Mayweather is an undefeated five-division 11-time champion and the bad-boy of the sport, whose reputation has widened his appeal in a sport that needs villains. Pacquiao an eight-division champion who has held ten world titles, someone who has used his fame to purse everything from a music to politics to sports beyond boxing.

It's hard to imagine two fighters with more profile and personality getting in the ring to face each other, which is part of why their first meeting is expected to be the highest-grossing fight of all time with a pay-per-view audience that could generate as much as $300 million.

Doesn't sound much like a sport that's suffering, does it?

But here's the rub: for all the hype and attention this fight will receive, most sports fans have never seen Pacquiao or Mayweather fight - even once. 

In a world where the sports audience has an endless number of choices for free or little expense, their exploits have been showcased solely on pay-per-view where neither fighter has managed to crack a million buys for their most recent fights.

Start considering the size of those audiences relative to other sports and you start to understand why interest in boxing is restricted to a hard-core and the generally curious.
 
Pacquiao-Mayweather is expected to surpass the all-time record for pay-per-view buys of 2.5 million, which was set when Mayweather fought Oscar De La Hoya. But at $100 a pop, there are going to be many whose interest won't meet that threshold.

And even should the pay-per-view audience hit three million, we're still talking about a puny worldwide audience of actual eyeballs watching the event live.

So how exactly is a fight that most people will never see going to save boxing? It's not. 

What's interesting is that boxing on television has run a course completely the opposite of other sports over the past half century.

Going back to the 1950s and 1960s, boxing was a staple of sports television programing that was available in homes across North America. The sports television industry was in its infancy and boxing took advantage of the publicity and revenue that could be generated by putting live events on television, a course that would eventually revolutionize the economics of nearly all professional sports. 

By the 1970s, boxers were among the most well-known athletes in North America - and on earth - with their personalities better known than their records. General sports publications like Sports Illustrated regularly featured them on covers as a means of attracting a general sports audience. 

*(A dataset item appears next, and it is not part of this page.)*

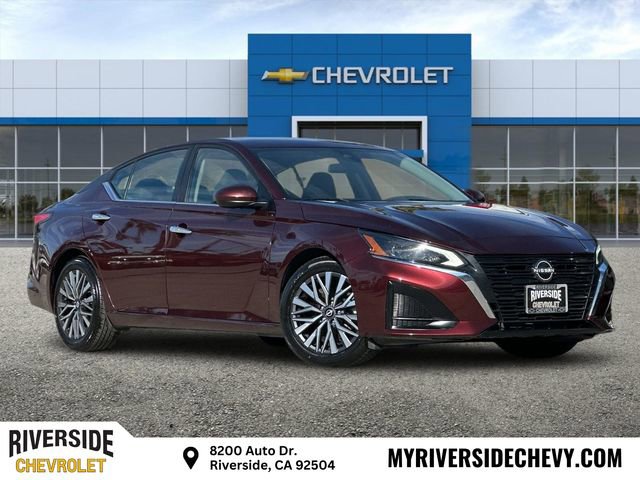 2023 Nissan Altima SV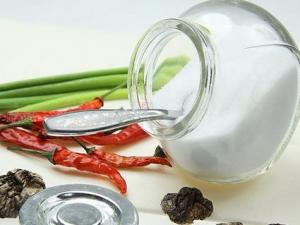 什么病不能吃太多鹽?飯菜太咸放鹽太多的危害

That all began to change with the rise of specialty channels and pay-per-view television, where promoters were able to draw bigger profits from smaller audiences. With that, boxing began to evolve from a sport to which the general sports fan could relate to one understood and followed mostly by small, but loyal audience.

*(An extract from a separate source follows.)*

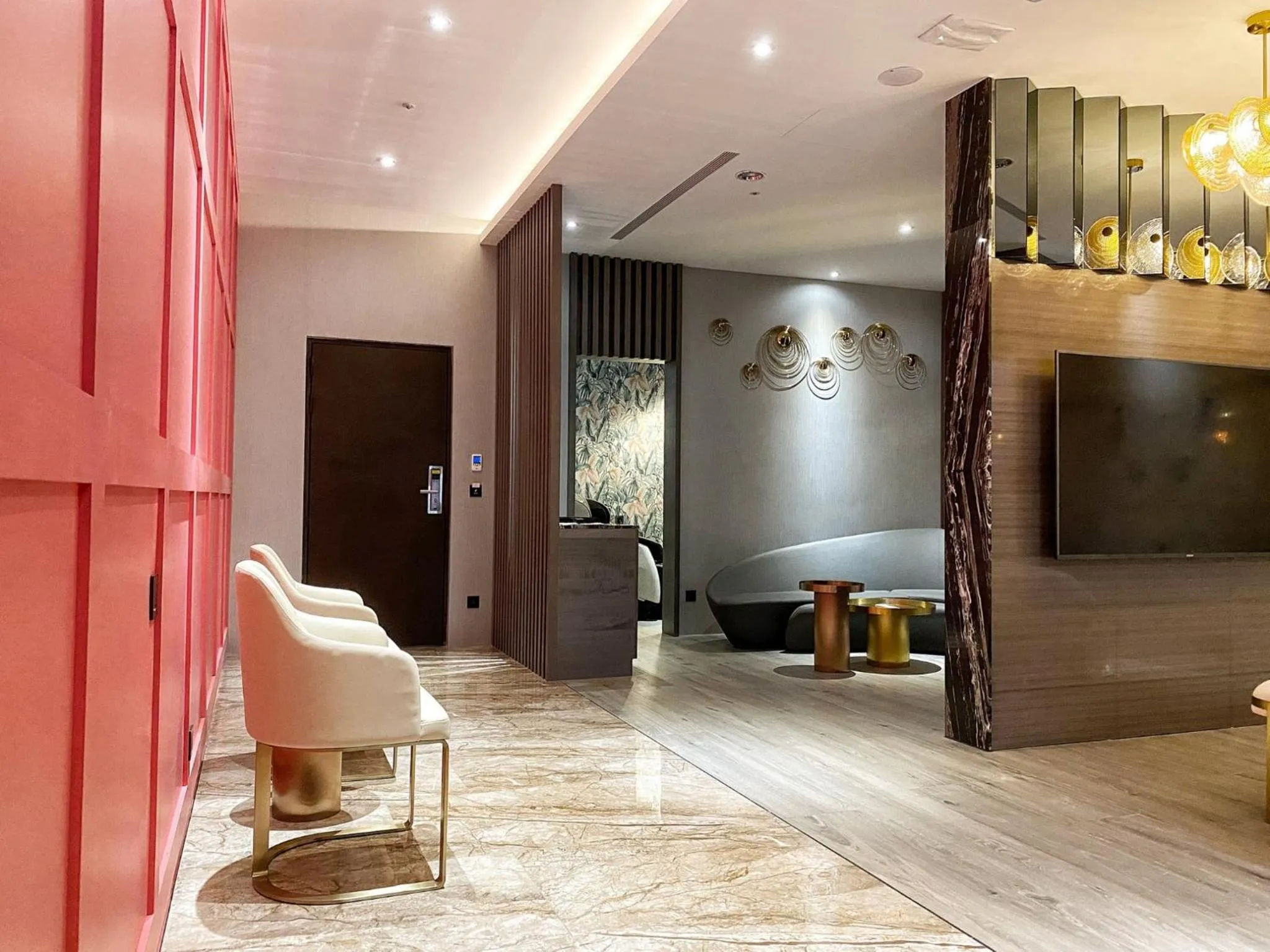 Living room in Domo Hotel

All of this has occurred at a time when television exposure for every other sport has exploded with the expansion of channels and programming, so that nearly every game in every professional league is available for free or minimal cost, including other combat sports such as mixed martial arts.

Recent efforts by NBC to return the sport to primetime network television - for the first time in nearly 30 years - are an effort in the right direction. But there may be too much ground to catch up in a world where more than a generation of fans have grown up with so much easy access to sports - except boxing.

Less exposure and smaller audiences for boxing not only affects the sports kids will follow as they grow up but also the sports they will choose to pursue. 

Baseball, basketball, football or hockey all present the opportunities for athletic scholarships, the opportunity to turn pro in flourishing leagues and to be watched widely on television. 

Compare that to boxing. To suggest that Pacquiao-Mayweather will be the sport's last big hurrah is probably as flawed as saying it will be the event to save the sport.
 
Great match-ups will come along every now and then, as they have over the course of the past 20 years, even while boxing was sliding off the mainstream grid. 

Boxing will always have its niche and its generous paydays. But a niche is where it is destined to remain, even after Manny Pacquiao and Floyd Mayweather put the sport briefly back into the spotlight.